Scotland’s beloved son and national bard Robert Burns has done more than any other poet to export the 18th-century Scots language around the world, through the new year classic Auld Lang Syne and his other famous works.
His lyrics, such as “we twa hae run about the braes/and pou’d the gowans fine”, may be incomprehensible to many, but the fame and influence of a man annually celebrated on 25 January has endured over more than two centuries.
His line from To a Mouse, “the best laid schemes o’ Mice an’ Men/ Gang aft-agley”, is said to have inspired John Steinbeck’s 1937 classic novella Of Mice and Men.
Yet Burns was advised not to write in Scots by one correspondent, who believed it would limit his audience, according to new research.
Dr John Moore, a Scottish physician and travel author, who wrote regularly to Burns, warned him that London readers would not connect to his works. Burns, obviously, ignored the advice, and the rest is history.
Academics at the University of Glasgow’s Centre for Robert Burns Studies looked at about 800 letters written by Burns and 300 to 400 letters from his friends and admirers
“In the correspondence, we get closer to Burns the man than anywhere else: his letters reveal his triumphs, failures, anxieties, fears and joys,” said Dr Rhona Brown, a senior lecturer in Scottish literature at the centre
“Two of Burns’s relationships stand out – with Dr John Moore and Mrs Frances Dunlop [a Scottish heiress and landowner] – as we have both sides of the correspondence.

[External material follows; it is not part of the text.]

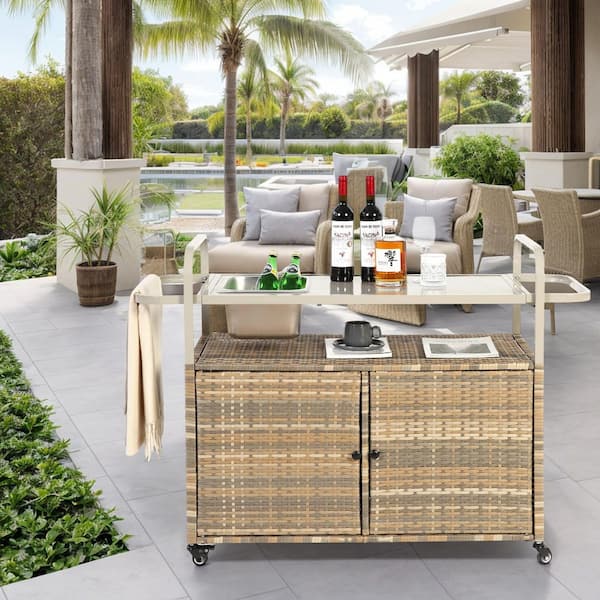 Unbranded Wicker Outdoor Bar Table, Bar Cart with Cabinet, Terrace Bar with Steel Top and Ice Bucket Lockable Wheels, Beige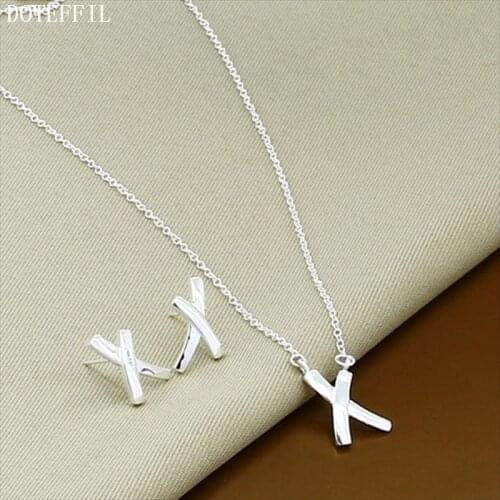 DOTEFFIL 925 Sterling Silver 18 inch Chain Cross X Necklace Earring Set For Woman Wedding Engagement Party Fashion Charm Jewelry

“What is fascinating, for example, is that early on Moore advised Burns not to write in Scots. He cautioned Burns that he was limiting his audience and felt that London readers wouldn’t understand or connect with the Scots language. Dunlop advised him to avoid political subjects.
“But Burns is his own man and ignores the advice and carries on regardless. I think history has now shown that he was right.”
People around the globe will celebrate Burns Night on 25 January to celebrate the anniversary of the poet’s birth on that date in 1759.
The correspondence will be published as part of the new Collected Works of Robert Burns published by the Oxford University Press.
Dr Craig Lamont, a research associate in Robert Burns Studies at the University of Glasgow, said: “Burns sends Dr John Moore a long, heartfelt letter giving a detailed account of his childhood and life up to 1787: this letter is now known as Burns’s autobiographical letter.
“In response, Moore asks Burns to ‘divide your letters when they are so heavy’, because ‘I was obliged to pay six & eightpence for it.’”
The team will premiere their video documentary on the Editing Robert Burns for the 21st Century: Correspondence project at 10am on 17 January.
The centre will also host an online question and answer session on 20 January so that members of the public and Burns scholars can find out more about the project, with more information available via GlasgowBurns.
• This article was amended on 17 January 2022. Scots, in which Burns wrote much of his best-known poetry, is widely regarded as a language, not a “dialect” as a previous version described it.